My landlord's been working since he was 9, FT since 15 and he's 60 and still working. He has a child (now grown), too.

NO, that's not on when you have young kids just say, 'Well, I'm not working anymore because I don't fancy it.'

bran · 28/09/2008 21:51

I'm not sure that this 'small part-time job' that he wants to get will even be out there. There are so many people who would love to have a part-time job that will fit around school hours that they tend to be like gold-dust and usually quite poorly paid. Has he found examples of jobs that he could get?

Soleproviderpressure · 28/09/2008 21:53

Thanks for your perspectives - it's just I am really worried about this - I thought we were in it together.

He would be able to retire with a fairly minute pension and he does say that he will try to find a small part-time job but tbh that would be nowhere near enough.

OP posts:
expatinscotland · 28/09/2008 21:53

'go off the deep end'? eh?

and he thinks heaping all this on you whilst he kicks back is going to help how, exactly?

KerryMum · 28/09/2008 21:55

This reply has been deleted

Message withdrawn at poster's request.

coppertop · 28/09/2008 21:55

Is he expecting you to carry on working full-time past the age of 53? Has he even thought that far ahead?

I think that if you agree to this there will be a lot of resentment - even more so if you have to look into downsizing, changing schools etc.
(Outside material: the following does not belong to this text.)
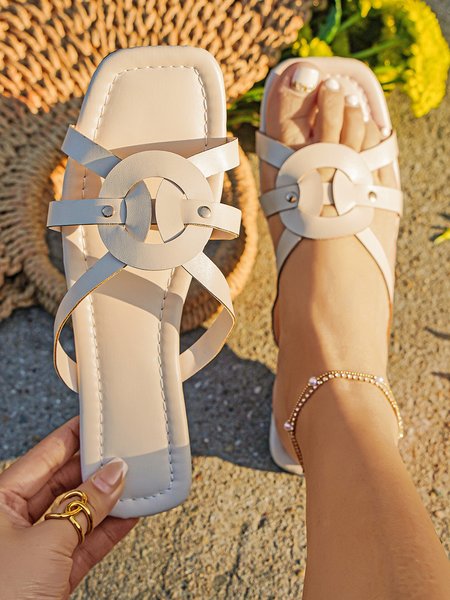 

Solid Color Round Strap Crossover Vacation Slippers, Khaki, Slippers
expatinscotland · 28/09/2008 21:56

k, so he 'will try' to find a 'small part-time job'.

righty-o.

i'm with mabanana here, when you decide to have kids late in life you pretty much give up fantasies of early retirement unless you've made a couple of mil.
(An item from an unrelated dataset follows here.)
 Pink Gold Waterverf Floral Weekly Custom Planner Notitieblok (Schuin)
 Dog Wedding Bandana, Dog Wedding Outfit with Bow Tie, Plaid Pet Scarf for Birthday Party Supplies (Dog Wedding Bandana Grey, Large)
and seriously, the 'i've been working 30 years' in no argument at all.

pretty soon, we're almost all going to be working till we drop.

NO ONE is entitled to spending decades 'retired' just because they worked. big deal.

so do 90%+ of the population.

KerryMum · 28/09/2008 21:57

This reply has been deleted

Message withdrawn at poster's request.

Soleproviderpressure · 28/09/2008 21:58

In his mind, this is all linked with his parents' death. They died 10 and 11 years ago leaving him some money which we put towards the mortgage. I mean we already had the house but it helped pay a chunk of it off so he thinks I owe him this.

But following his logic, if we do have to itemise out financial contribution to the marriage, my parents have contributed massively in the form of unpaid childcare and I do earn a bit more and have done for the past ten years. So his thought processes are not logical in this respect.

OP posts:
BecauseImWorthIt · 28/09/2008 22:00

I would ask him to provide you with a detailed account, year by year, of how the money situation is going to pan out for you.

Perhaps then he will realise how much money there really is, and how much of the burden will fall upon you.

daftpunk · 28/09/2008 22:01

not the best timing "credit crunch" and all that, everything going up in price....can he wait a year or two?